Era digital tidak terelakan, banyak kemudahan dan informasi-informasi yang dapat kita peroleh keterhubungan manusia satu dengan manusia lain berjalan tanpa batas geografis. Informasi dalam waktu bersamaan bisa diketahui pada daerah dimanapun. Perkembangan jaringan internet menyebar keseluruh penjuru dunia. Hingga kebutuhan memiliki smartphone menjadi sebuah keharusan setiap orang. Seperti misalnya pada generasi gen Z yang tumbuh dalam era ini , kebutuhan gawai menjadi kebutuhan mendasar.
Survei APJII mengungkap bahwa generasi Z adalah kelompok yang paling dominan dalam pengunaan internet dengan kotribusi 25,54 persen dari total pengguna. (Cloud Computing /12/8/2025)
Dalam bermedsos generasi muda ini mengetahui kondisi berbagai wilayah yang ada di luar ataupun di dalam negri. Mereka mengetahui berbagai pergerakan pemikiran di berbagai daerah sehingga mereka terbuka terhadap yang baru. Mereka kritis terhadap berbagai hal yang ada baik itu tentang kerusakan atau kebijakan para penguasa.

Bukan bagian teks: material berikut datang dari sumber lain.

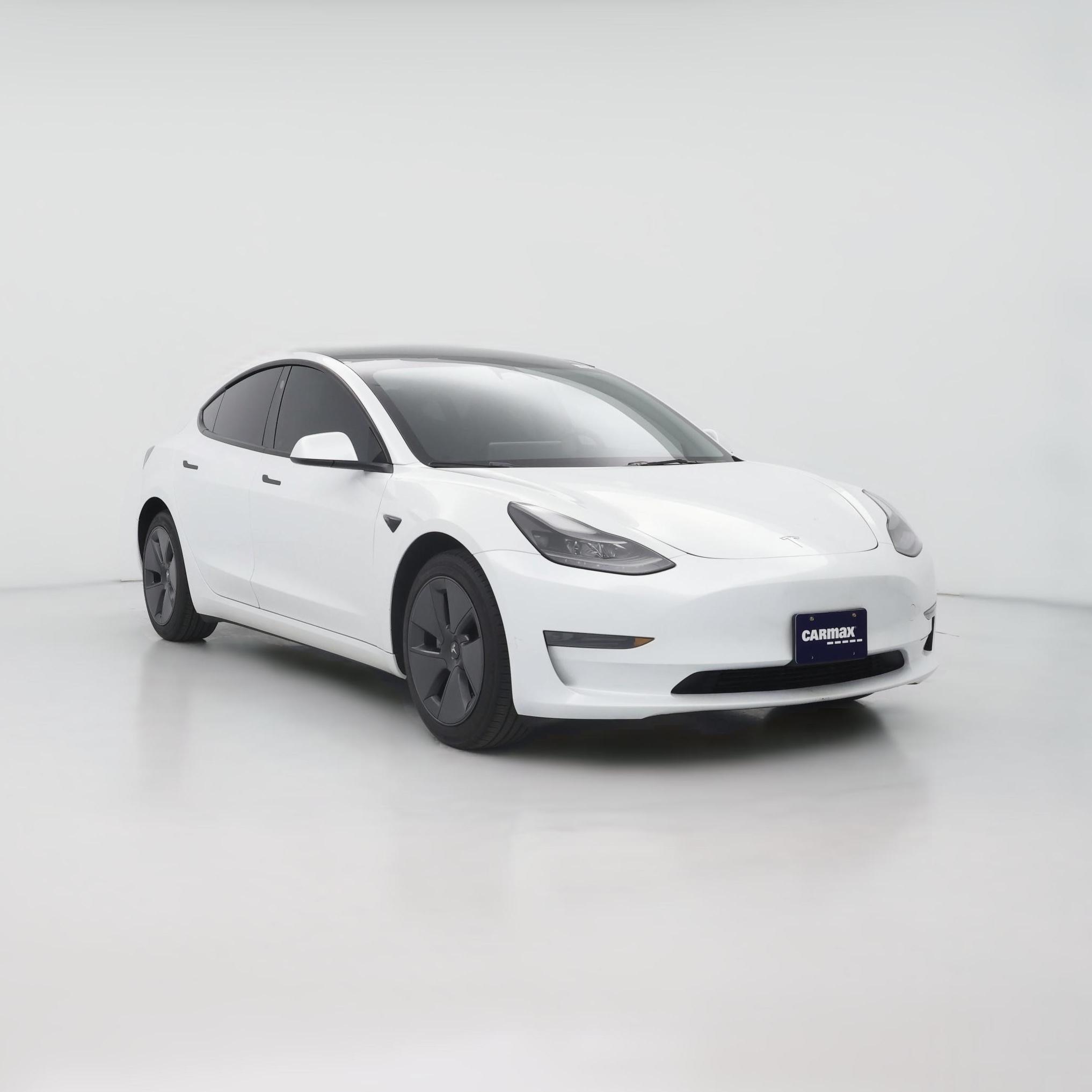 Thumbnail: 2023 Tesla Model 3 - 1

Dengan menyodorkan format baru, yaitu proses digital berupa meme, video singkat, film documenter, petisi hingga stad up comedy. Aksi digital di medsos ini berlanjut ke aksi unjuk rasa turun ke jalan, atau mereka dapat menggerakan aksi lain seperti empati pada Palestina ataupun memberikan bantuan koban banjir di Sumatra.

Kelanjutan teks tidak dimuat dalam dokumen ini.